PEGASUS CASE

PEGASUS CASE

SYNOPSIS

S.NO.

PARTICULARS

1.

Introduction

2.

A Backdrop of the Case

3.

International Agreements and National Legislation

  1. International Covenant on Civil and Political Rights (ICCPR)
  2. Budapest Convention
  3. Wassenaar Arrangement

4.

Internationally Judicial Approach of the Case

5.

India’s Approach to the Case

  1. Overview of Indian Legislation
  2. Parent Case & Precedents
  1. Manohar vs. Union of India
  2. K S Puttaswamy v Union of India
  3. Anuradha Bhasin v. Union of India
  4. Ram Jethmalani v. Union of India
  5. Supreme Court’s Decision & Direction

6.

Deliberation of this Case

7.

Conclusion

8.

References

9.

FAQ

  1. INTRODUCTION

‘If you think technology can solve your security problems, then you don’t understand the problems and you don’t understand the technology’

  • Bruce Schneier

The NSO Group, a public Israeli-based cyber tech firm issued an obtrusive interceptive tech surveillance, known as Pegasus Spyware. Pegasus is a very invasive, nearly invisible spyware that can remotely monitor cellphones and other mobile devices without a click. Its capacity to infiltrate data stored in the mobile cloud and obtain personal core identification data remotely without the target’s knowledge demonstrates how intrusive it is. It has shown that this type of monitoring technology is open to unauthorized usage, particularly when it comes to infringing upon fundamental freedoms and rights.

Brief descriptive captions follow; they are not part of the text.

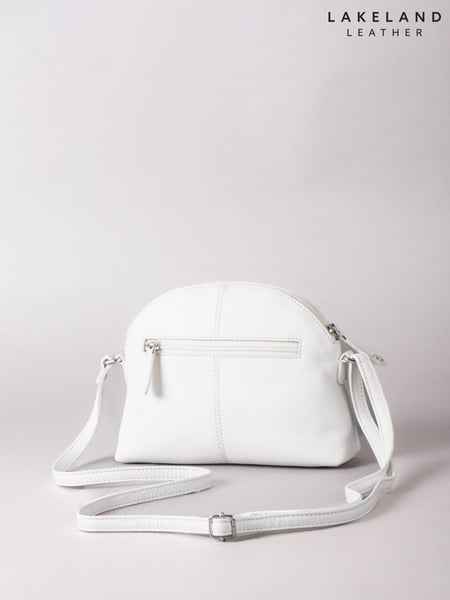Lakeland Leather White Elterwater Curved Cross-Body Bag (H70755) | € 62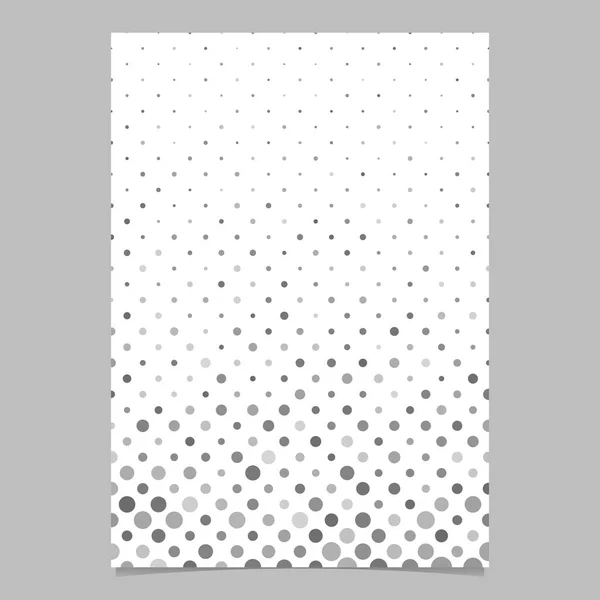 Abstract dot pattern brochure design - vector page background graphic — Stock Vector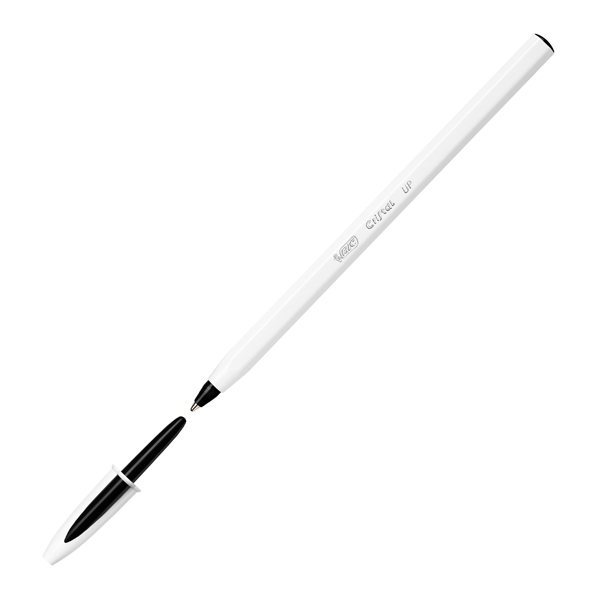 Scatola 20 penna sfera Cristal(R) Up medio 1,2mm nero BIC(R)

  1. A BACKDROP OF THE CASE

The Pegasus spyware Case is an invasive cyber-surveillance tool intended to obtain mobile device data covertly. Significant investigative journalism has been published on this malware, and it has revealed a startlingly high amount of Pegasus abuses. Since Pegasus has been used, among others, against members of the press, human rights activists, entrepreneurs, oppositional political leaders, and even lawyers, these misuses have been regularly connected to abuses of human rights. The reason for government abuse of surveillance technology appears to be clear since the NSO Group only sells its spyware to governments. This field’s regulation can be characterized as fragmented and opaque, which allows for abuse and fosters an unregulated atmosphere. 

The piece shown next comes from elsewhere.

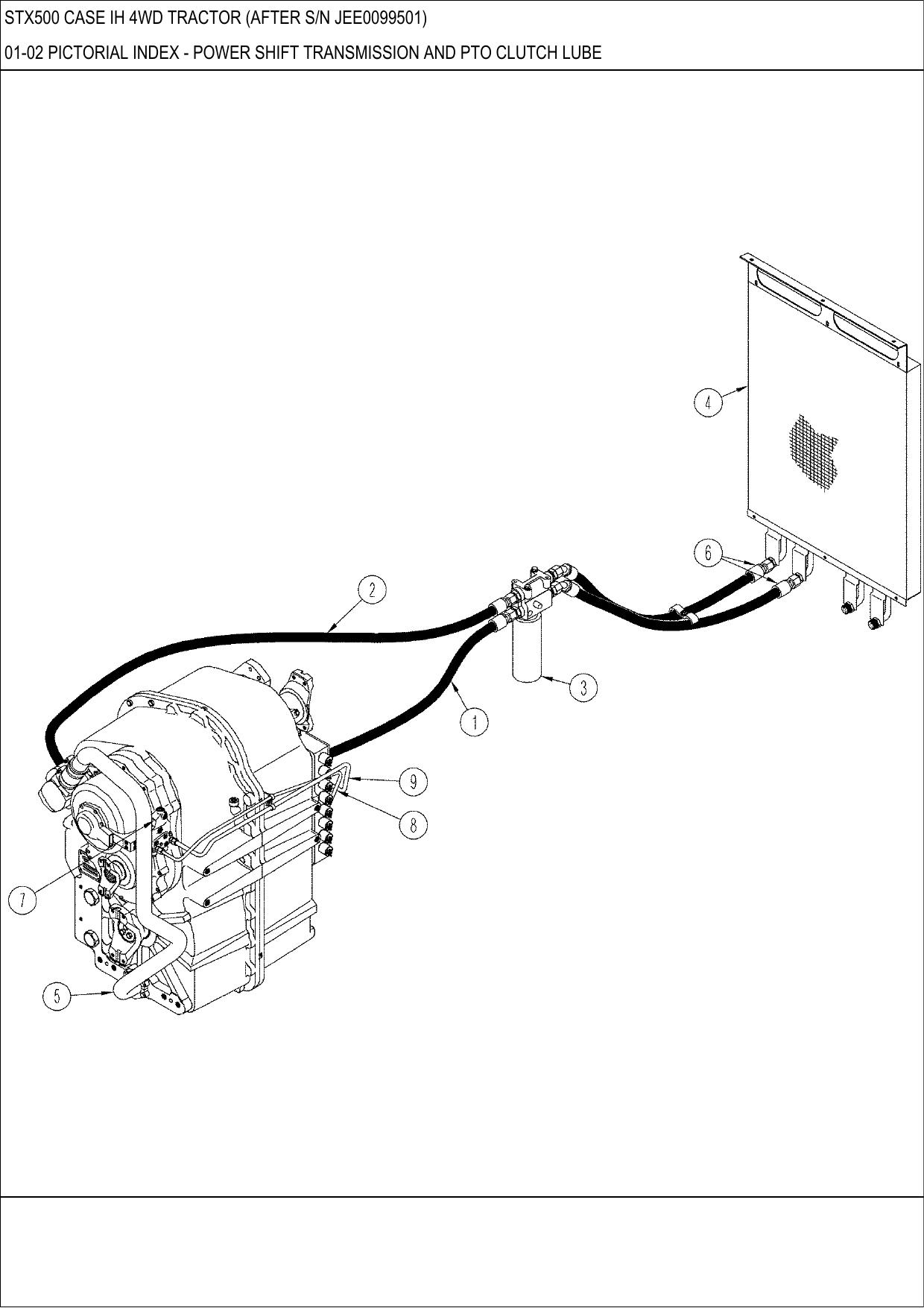 STX500 CASE IH 4WD TRACTOR PARTS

The countries of India, the United Kingdom, Spain, Greece, Mexico, Saudi Arabia, Israel, and the United States have been chosen to illustrate that the difficulties associated with regulating surveillance technology are worldwide concerns from the period 2017 to 2019. Furthermore, the selection of these nations was based on their association with the Pegasus spyware. There are ongoing cases involving Pegasus and the NSO Group in the UK, India, and the USA, as well as proven misuses in Saudi Arabia, Israel, Spain, Mexico, the UK, India, and the USA. While Pegasus has not been abused in Greece, there have been problems with comparable invasive monitoring spyware. Additionally highlighted is Israel, the nation from where Pegasus is delivered.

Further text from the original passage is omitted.